### [EXERCISE INSTRUCTIONS]
Your copy starts at the line containing "Invitation de fête" and ends at the last line below. Copy exactly, without pictures.

DATA Block Start

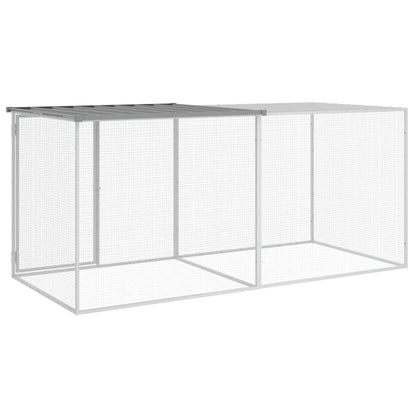 Vidaxl Gallinero Con Techo Acero Galvanizado Gris Claro 203x98x90 Cm_4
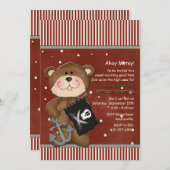 Invitation de fête d'anniversaire de pirate de (Devant / Derrière)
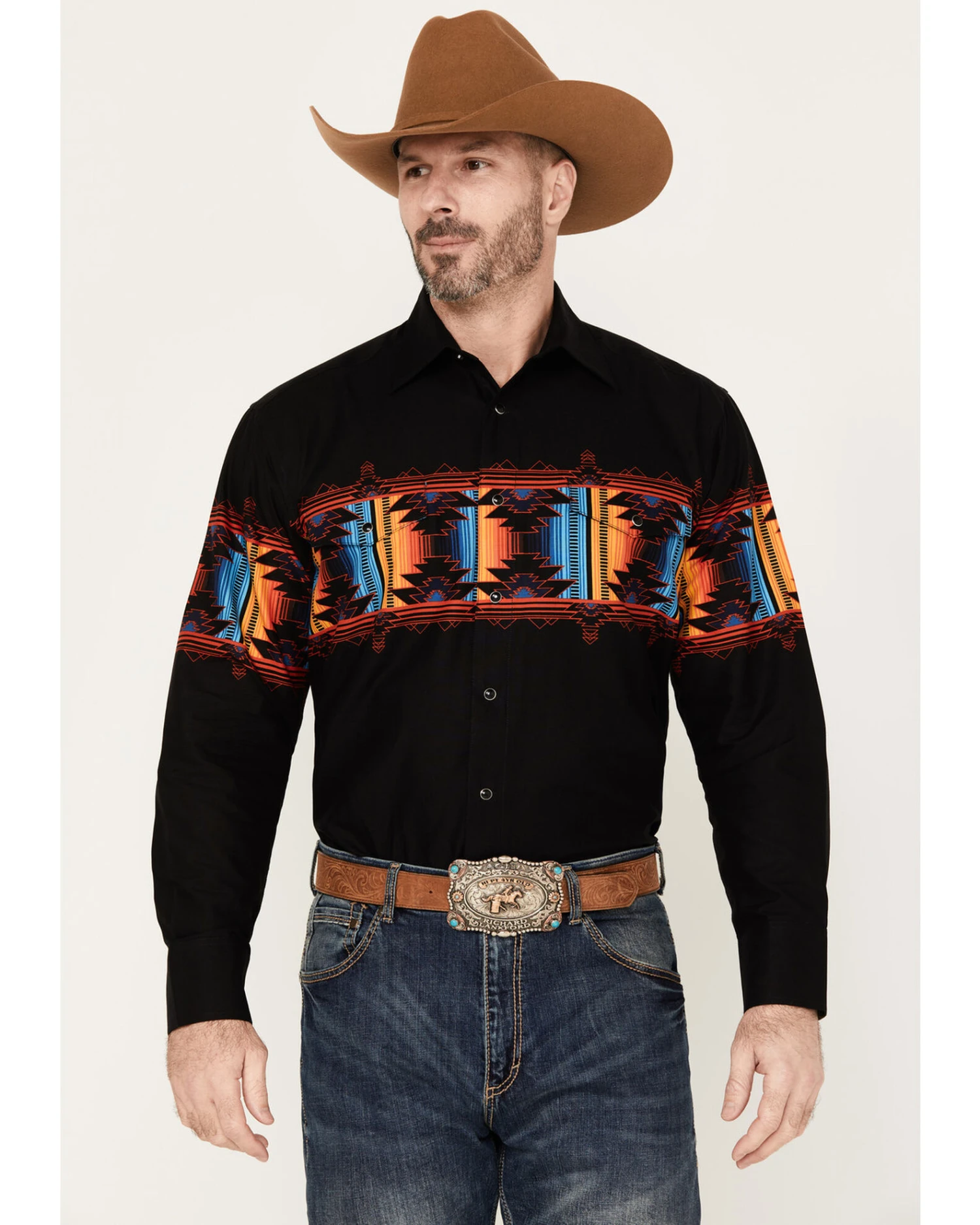 Panhandle Men's Southwestern Border Long Sleeve Western Snap Shirt 4 Panhandle Men's Southwestern Border Long Sleeve Western Snap Shirt - Image 2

DATA Block End

### [TASK SOLUTION]
 Invitation de fête d'anniversaire de pirate de (Devant / Derrière)
 Panhandle Men's Southwestern Border Long Sleeve Western Snap Shirt 4 Panhandle Men's Southwestern Border Long Sleeve Western Snap Shirt - Image 2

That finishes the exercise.